Records for processing:
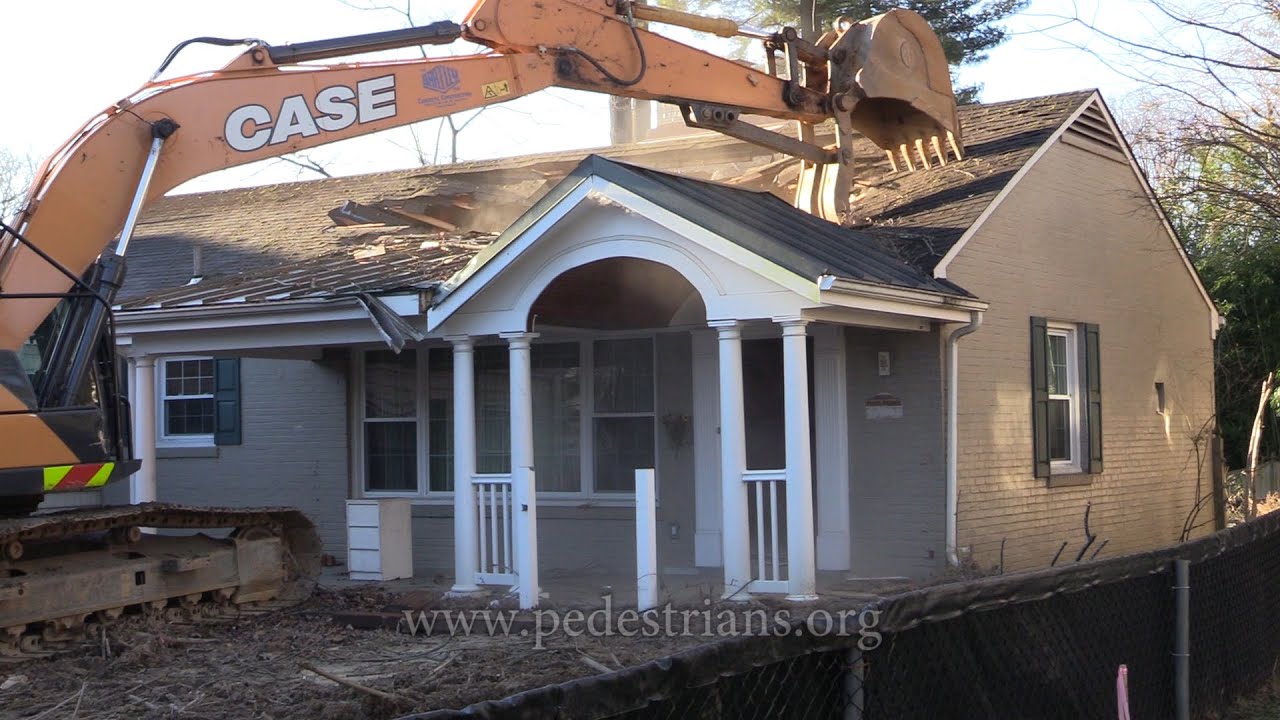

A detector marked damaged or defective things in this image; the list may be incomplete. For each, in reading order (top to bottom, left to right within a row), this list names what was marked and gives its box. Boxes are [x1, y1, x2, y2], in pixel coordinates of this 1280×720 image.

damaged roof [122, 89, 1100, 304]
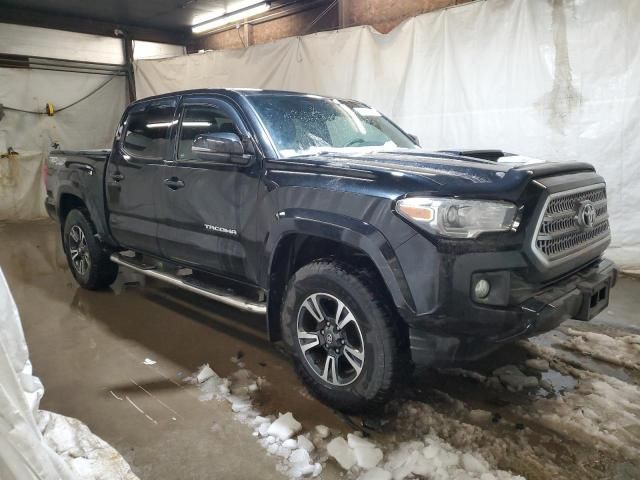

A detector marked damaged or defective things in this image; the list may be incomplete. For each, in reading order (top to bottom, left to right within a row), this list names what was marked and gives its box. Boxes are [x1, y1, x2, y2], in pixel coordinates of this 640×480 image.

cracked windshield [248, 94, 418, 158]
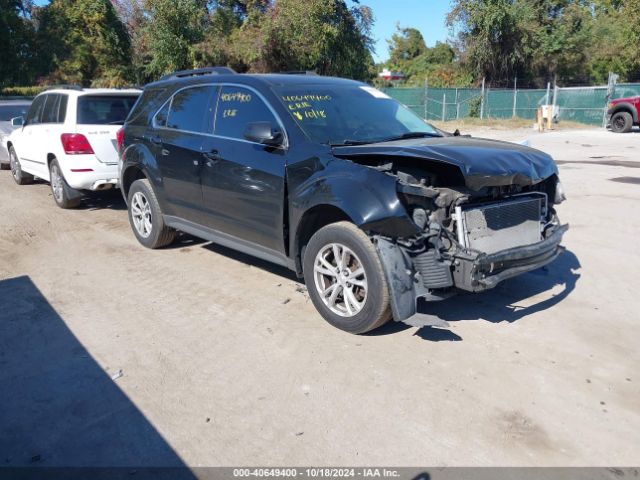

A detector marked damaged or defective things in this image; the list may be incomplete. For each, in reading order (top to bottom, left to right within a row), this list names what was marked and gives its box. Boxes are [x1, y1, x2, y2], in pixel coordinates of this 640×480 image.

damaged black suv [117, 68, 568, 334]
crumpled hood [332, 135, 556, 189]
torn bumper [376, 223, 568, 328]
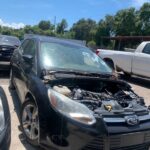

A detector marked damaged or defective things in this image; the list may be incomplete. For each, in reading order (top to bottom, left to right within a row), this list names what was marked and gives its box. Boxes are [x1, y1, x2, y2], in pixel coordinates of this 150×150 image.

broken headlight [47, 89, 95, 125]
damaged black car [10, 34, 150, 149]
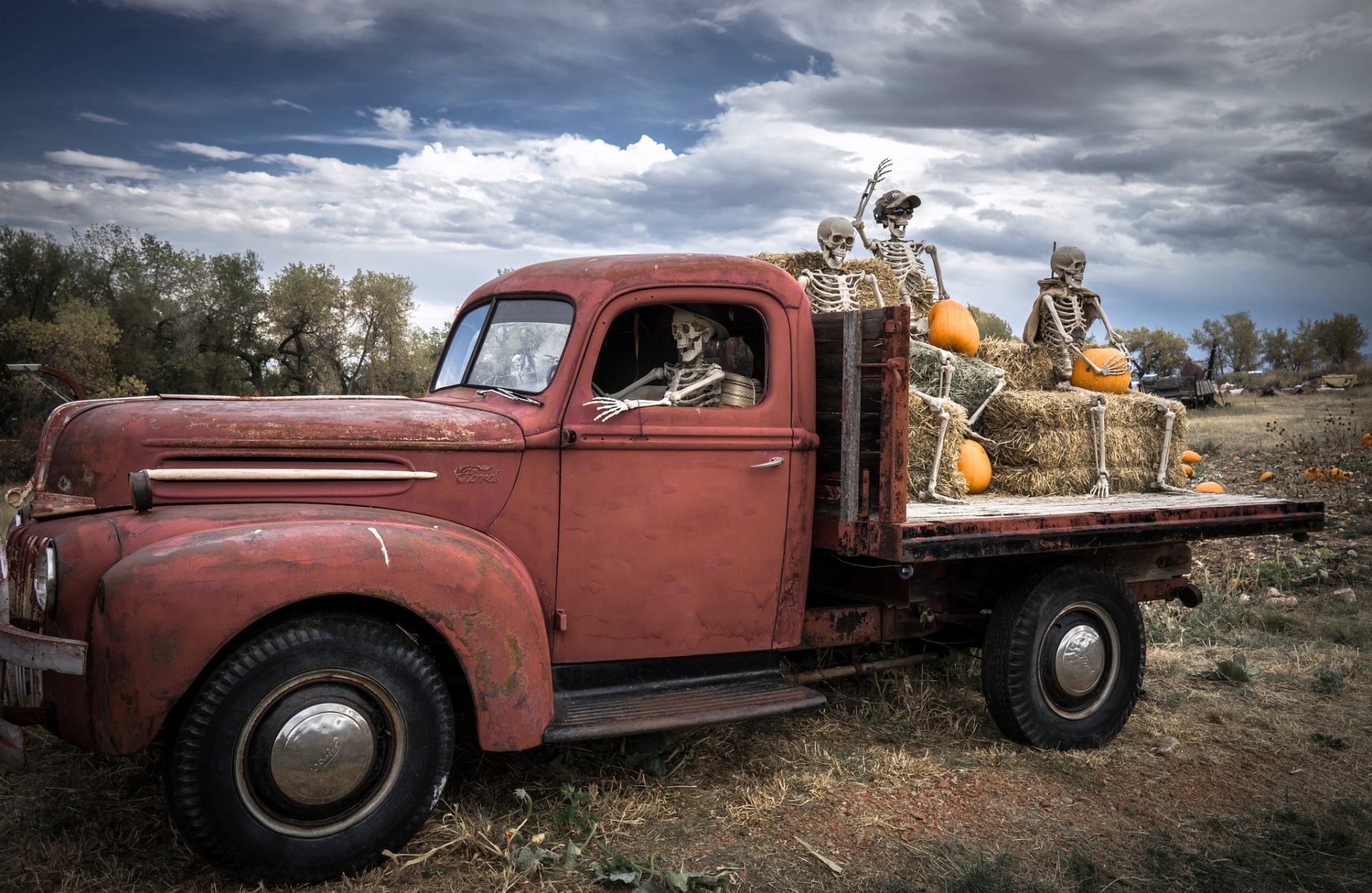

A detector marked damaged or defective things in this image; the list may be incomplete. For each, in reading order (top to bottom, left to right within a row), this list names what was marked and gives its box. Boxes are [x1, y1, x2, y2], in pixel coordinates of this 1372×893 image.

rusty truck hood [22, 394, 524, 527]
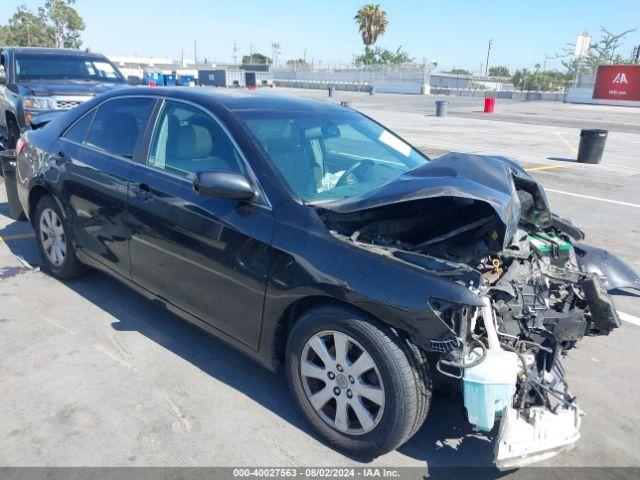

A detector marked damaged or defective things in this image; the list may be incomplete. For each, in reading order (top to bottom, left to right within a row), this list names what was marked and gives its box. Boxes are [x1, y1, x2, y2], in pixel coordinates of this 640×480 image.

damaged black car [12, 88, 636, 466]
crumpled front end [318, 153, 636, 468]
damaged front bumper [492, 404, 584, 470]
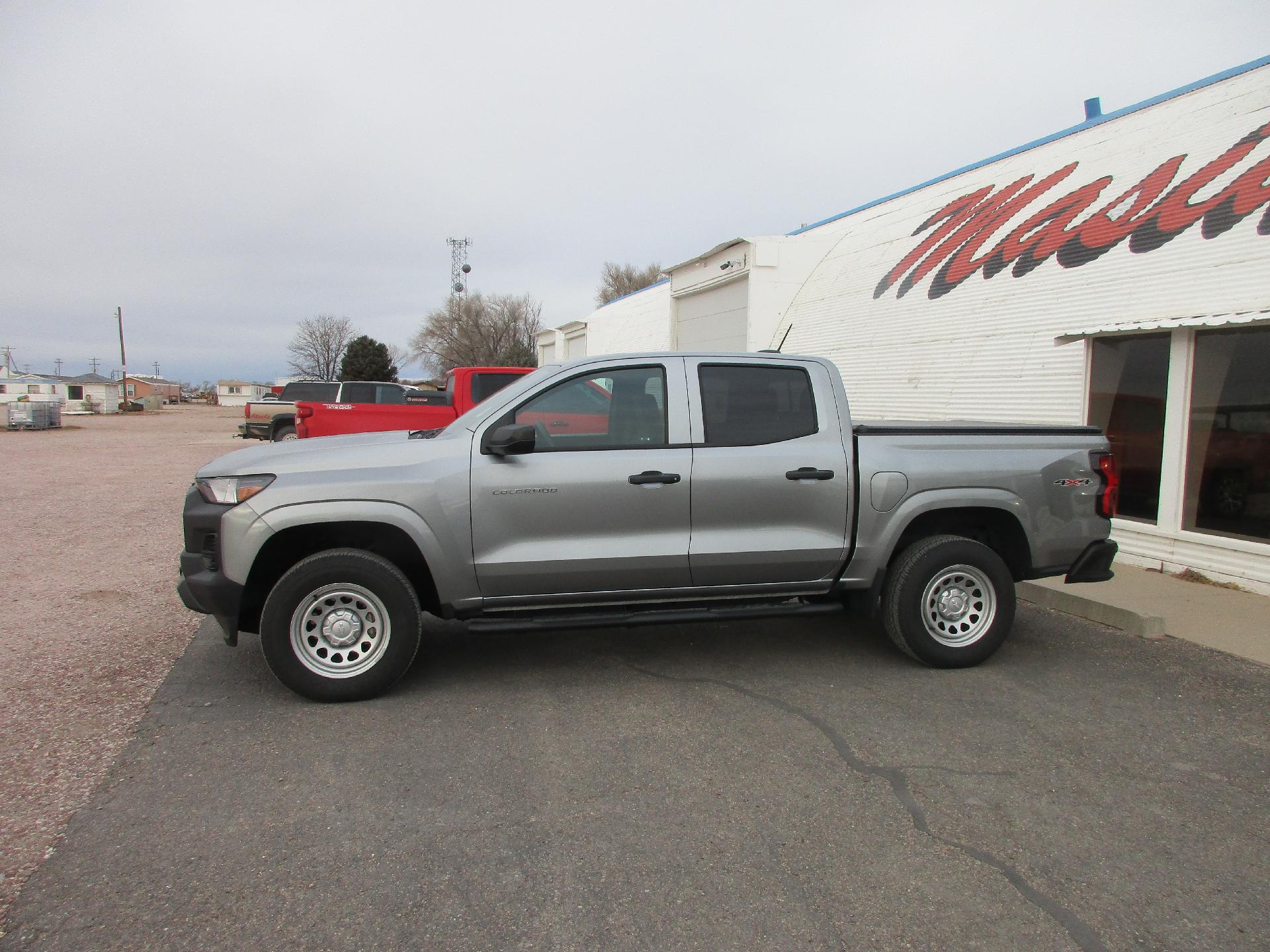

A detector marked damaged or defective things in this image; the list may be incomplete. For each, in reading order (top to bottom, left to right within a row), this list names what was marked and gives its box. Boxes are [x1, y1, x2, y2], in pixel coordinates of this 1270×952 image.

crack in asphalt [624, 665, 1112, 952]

Instructions for the task: Give back, word for word, only the lines from the one containing "this 1270×952 image." through the closing line of the entries.

Result:
A detector marked damaged or defective things in this image; the list may be incomplete. For each, in reading order (top to bottom, left to right within a row), this list names what was marked and gives its box. Boxes are [x1, y1, x2, y2], in pixel coordinates of this 1270×952 image.

crack in asphalt [624, 665, 1112, 952]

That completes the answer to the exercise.